My running commentary, which includes public talks on various subjects and even letters to editors, has by now been published in three installments totaling almost five hundred pages. (See volumes 29 and 35 of the Oklahoma City University Law Review [2004, 2010] and volume 4 of the Loyola University Chicago International Law Review [2006].) Perhaps all of these, along with subsequent materials can someday be brought together on an Internet website, if not even in a print-volume. A University of Chicago Law School classmate, Ramsey Clark (a former Attorney General of the United States) has agreed to provide a Foreword upon the issuance of such a collection.
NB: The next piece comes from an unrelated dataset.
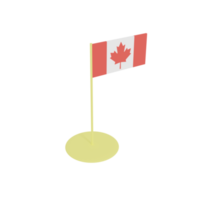 Flag of Canada on flagpole, plastic toy, 3D rendering model. png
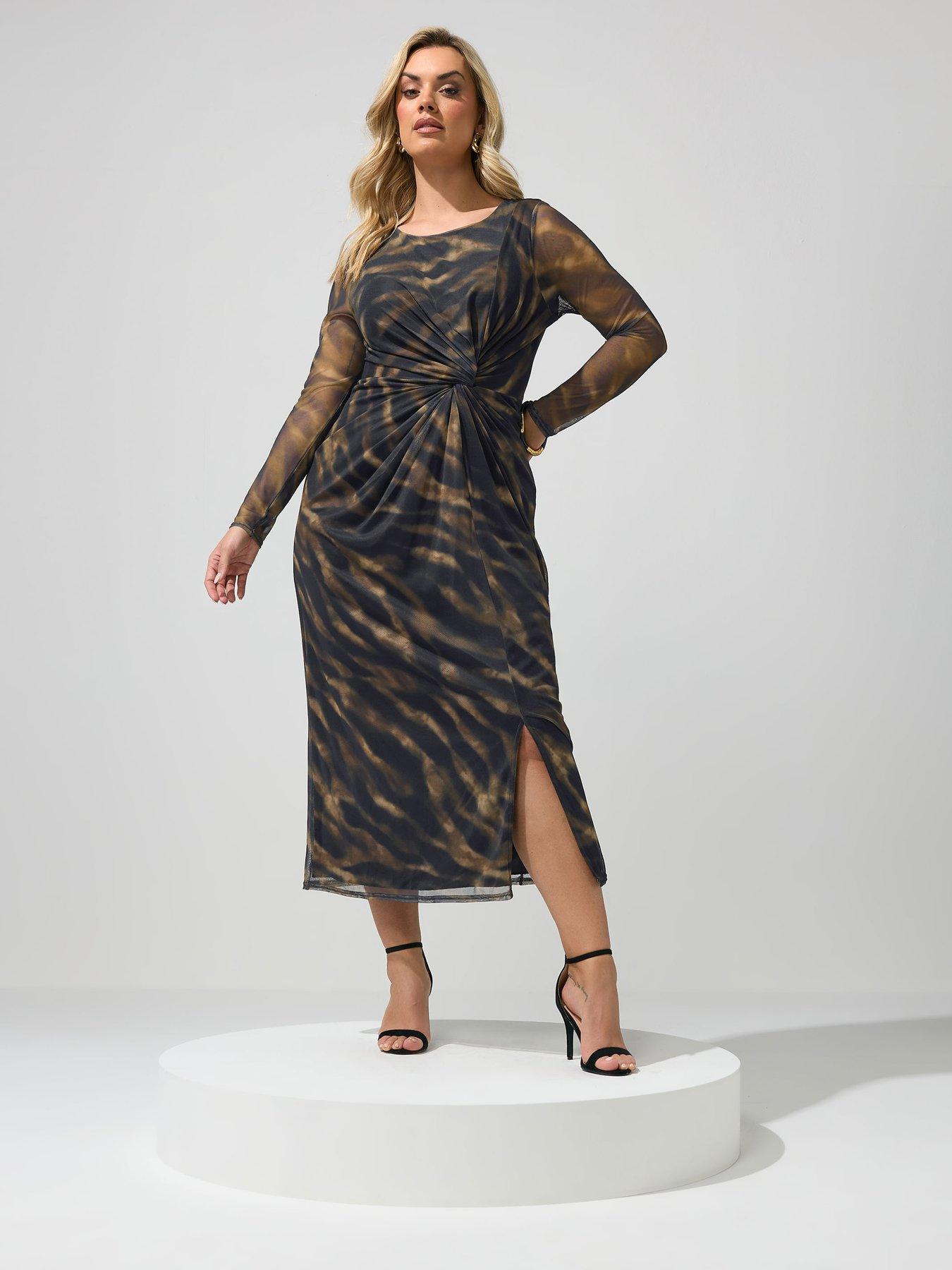 Image 1 of 4 of Yours Curve Zebra Side Knot Dress - Brown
Critical throughout this decade has been the question whether an appropriate Sense of Proportion could be maintained in this country both in assessing the damage done to us on September Eleventh and in shaping proper responses thereafter. (Indicative of my overall concern, early on, is the title of my Loyola law school talk of September 12, 2001, “A Second Pearl Harbor? Let’s Be Serious.”) It was obvious from the outset both that the surviving men responsible for the September Eleventh attacks would have to be detected and punished and that any government that had knowingly permitted them to operate would have to be severely dealt with. Thus, the initial measures taken in Afghanistan (in 2001) seemed inevitable. They could even be understood as an appropriate Police Action, not as an Act of War. It was an Action that was at first quite successful, with the alleged leader of the September Eleventh assaults very much on the run (if not even about to be captured). World opinion seemed generally receptive to this phase of the response by the United States to the shocking September Eleventh assaults. Such an opinion made it more likely that sensible governments and peoples worldwide would be helpful in anticipating any future clandestine attacks on this country.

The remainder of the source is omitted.